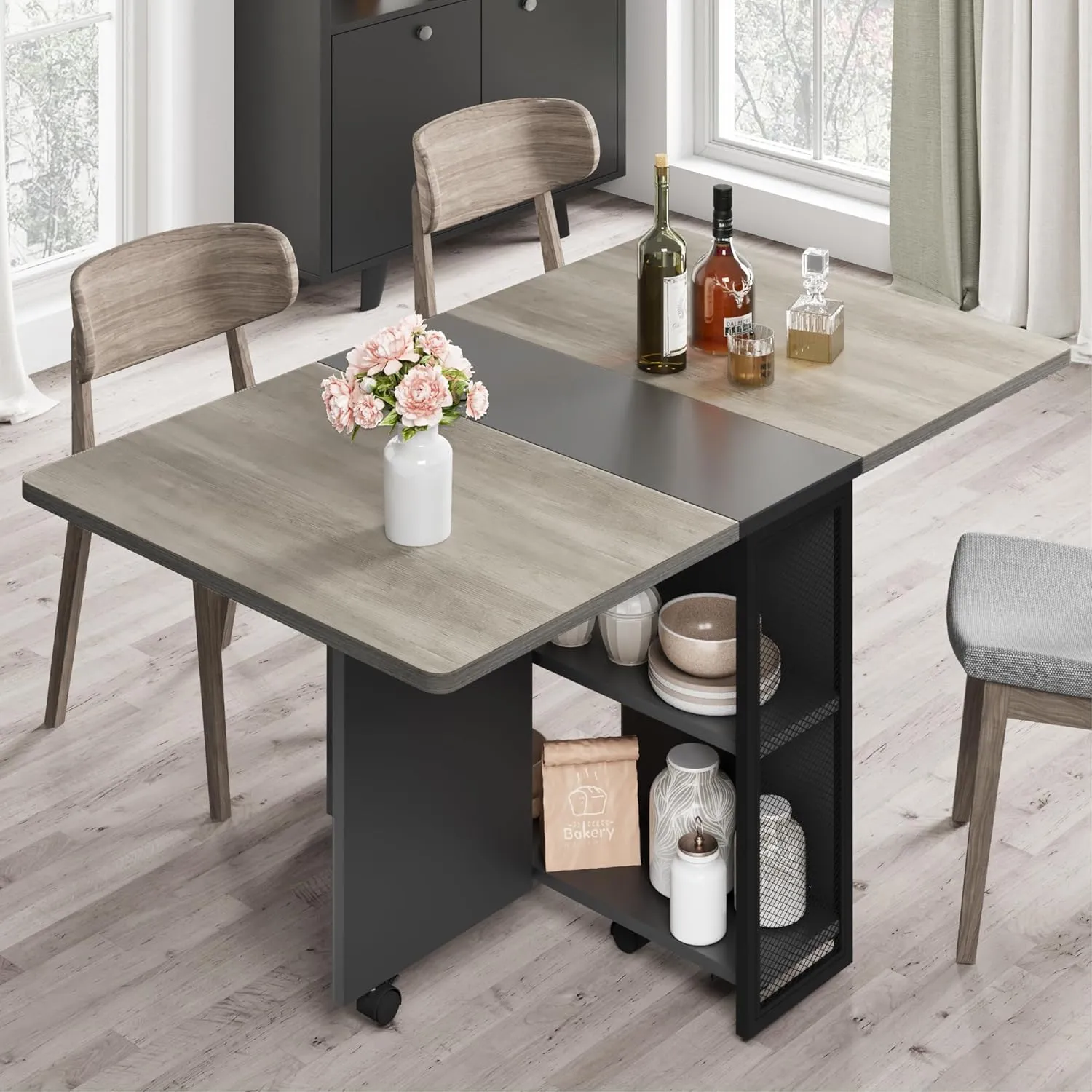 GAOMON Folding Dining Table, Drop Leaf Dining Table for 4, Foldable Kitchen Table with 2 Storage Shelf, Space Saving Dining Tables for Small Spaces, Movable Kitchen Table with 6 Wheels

---

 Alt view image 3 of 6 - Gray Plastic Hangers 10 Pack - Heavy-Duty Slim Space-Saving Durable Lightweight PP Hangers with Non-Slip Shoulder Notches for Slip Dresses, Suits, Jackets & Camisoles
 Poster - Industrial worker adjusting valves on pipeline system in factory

**What you have to do**: Working from the material above, restate word for word the lines between the line with "Alt view image" and the line with "Poster - Industrial", both included, and only those.

**Task answer**:
 Alt view image 3 of 6 - Gray Plastic Hangers 10 Pack - Heavy-Duty Slim Space-Saving Durable Lightweight PP Hangers with Non-Slip Shoulder Notches for Slip Dresses, Suits, Jackets & Camisoles
 Poster - Industrial worker adjusting valves on pipeline system in factory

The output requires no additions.